There is a game with 5 positions starting in position 3. two teams have to compete against each other with tasks in math. There cannot be a draw and every round one of the teams wins. One team is stronger than the other team. They start in position three and the goal of team 1 is to reach Position five and the goal of team 2 is to reach position 1. Every round they move one position. This is the matrix.
$$A=\begin{bmatrix} 0 & 0.25 & 0 & 0 & 0 \\ 1 & 0 & 0.75 & 0 & 0 \\ 0 & 0.75 & 0 & 0.75 & 0 \\ 0 & 0 & 0.25 & 0 & 0 \\ 0 & 0 & 0 & 0.25 & 1 \\ \end{bmatrix}$$
and this is the vector with a 1 on $a_{31}$ as it starts in position 3. position 1 is $a_{11}$, position 2 is $a_{21}$ and so on.

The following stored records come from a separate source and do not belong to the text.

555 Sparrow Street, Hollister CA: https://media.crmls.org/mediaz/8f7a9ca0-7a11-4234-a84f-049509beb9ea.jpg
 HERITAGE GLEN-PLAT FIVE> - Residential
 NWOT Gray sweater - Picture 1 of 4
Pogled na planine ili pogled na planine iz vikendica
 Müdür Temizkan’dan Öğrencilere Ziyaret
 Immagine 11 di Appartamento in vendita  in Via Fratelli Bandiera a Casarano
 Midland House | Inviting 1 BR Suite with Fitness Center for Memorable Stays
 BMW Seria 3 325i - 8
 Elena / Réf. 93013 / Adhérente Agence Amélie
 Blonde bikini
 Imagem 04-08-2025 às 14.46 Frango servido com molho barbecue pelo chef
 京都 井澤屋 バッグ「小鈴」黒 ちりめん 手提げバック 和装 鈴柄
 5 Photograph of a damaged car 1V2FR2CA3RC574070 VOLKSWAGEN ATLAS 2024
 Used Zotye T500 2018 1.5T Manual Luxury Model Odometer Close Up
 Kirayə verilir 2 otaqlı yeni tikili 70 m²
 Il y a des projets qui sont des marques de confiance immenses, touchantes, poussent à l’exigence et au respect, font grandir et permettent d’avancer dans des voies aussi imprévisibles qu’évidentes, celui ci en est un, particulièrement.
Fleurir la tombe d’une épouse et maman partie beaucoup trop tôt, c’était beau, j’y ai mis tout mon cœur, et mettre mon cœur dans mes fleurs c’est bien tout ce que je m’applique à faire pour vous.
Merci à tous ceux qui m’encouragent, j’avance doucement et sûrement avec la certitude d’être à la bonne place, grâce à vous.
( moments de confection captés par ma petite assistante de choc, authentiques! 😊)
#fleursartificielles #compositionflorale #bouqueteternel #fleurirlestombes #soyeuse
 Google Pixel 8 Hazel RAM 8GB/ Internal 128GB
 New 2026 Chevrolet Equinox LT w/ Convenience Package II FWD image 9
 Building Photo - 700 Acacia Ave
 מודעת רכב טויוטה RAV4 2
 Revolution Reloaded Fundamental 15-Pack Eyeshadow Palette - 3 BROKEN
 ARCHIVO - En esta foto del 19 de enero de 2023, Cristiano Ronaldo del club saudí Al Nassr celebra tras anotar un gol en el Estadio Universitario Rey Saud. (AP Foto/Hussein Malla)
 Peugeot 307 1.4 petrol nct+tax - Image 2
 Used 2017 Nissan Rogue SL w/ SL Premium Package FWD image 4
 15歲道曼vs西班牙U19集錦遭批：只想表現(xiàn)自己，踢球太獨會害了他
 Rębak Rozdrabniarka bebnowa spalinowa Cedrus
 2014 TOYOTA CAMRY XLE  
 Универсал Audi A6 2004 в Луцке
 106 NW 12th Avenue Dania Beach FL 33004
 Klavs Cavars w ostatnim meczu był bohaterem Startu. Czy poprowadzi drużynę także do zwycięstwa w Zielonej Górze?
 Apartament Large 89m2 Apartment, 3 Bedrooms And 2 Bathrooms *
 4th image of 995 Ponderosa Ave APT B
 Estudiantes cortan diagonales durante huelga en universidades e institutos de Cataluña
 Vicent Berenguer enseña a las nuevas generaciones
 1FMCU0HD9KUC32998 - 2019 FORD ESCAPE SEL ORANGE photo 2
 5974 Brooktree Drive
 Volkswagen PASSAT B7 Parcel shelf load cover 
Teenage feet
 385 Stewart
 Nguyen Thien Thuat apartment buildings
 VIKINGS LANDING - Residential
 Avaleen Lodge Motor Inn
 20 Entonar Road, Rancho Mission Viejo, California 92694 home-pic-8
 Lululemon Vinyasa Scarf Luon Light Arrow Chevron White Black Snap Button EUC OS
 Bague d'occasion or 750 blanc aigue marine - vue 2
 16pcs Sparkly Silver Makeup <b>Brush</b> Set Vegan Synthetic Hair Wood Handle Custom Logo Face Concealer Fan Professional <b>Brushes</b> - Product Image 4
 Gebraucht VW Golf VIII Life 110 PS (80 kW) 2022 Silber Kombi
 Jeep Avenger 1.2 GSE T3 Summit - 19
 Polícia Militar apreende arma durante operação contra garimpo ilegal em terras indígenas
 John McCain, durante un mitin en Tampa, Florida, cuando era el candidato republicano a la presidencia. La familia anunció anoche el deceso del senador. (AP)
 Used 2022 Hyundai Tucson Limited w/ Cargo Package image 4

$$b=\begin{bmatrix} 0 \\ 0 \\ 1 \\ 0 \\ 0 \\ \end{bmatrix}$$
The game ends when one of the teams reach position 1 or 5.
Now my question:
$A*b$ gives us
$$\begin{bmatrix} 0 \\ 0.75 \\ 0 \\ 0.25 \\ 0 \\ \end{bmatrix}$$
Perfectly fine, the probability of position 1,3 and 5 is 0 and the probabilities of the other positions vary.
Now lets focus on $A^3*b$
$$\begin{bmatrix} 0.5625 \\ 0.28125 \\ 0 \\ 0.09375 \\ 0.0625 \\ \end{bmatrix}$$
How is it possible that there is a probability to win (land on 1 or 5)? This is not possible after three moves is it? Starting from 3 the shortest way to win is either from 3 to 2 to 1 for Team 2 or from 3 to 4 to 5 for Team 1.
I do not understand why there are probabilities for the first and fifth position.
In my point of view the matrix has to look like this: $$\begin{bmatrix} 0 \\ k \\ 0 \\ h \\ 0 \\ \end{bmatrix}$$ whereas k and h represent probabilities between 0 and 1
As the matrix shows the cumulative probability, $a_{11}$ and $a_{51}$ show the probabilities of $U^2\cdot v$.
Hence, $P(X=3)$ would be $U^3\cdot v-U^2\cdot v$.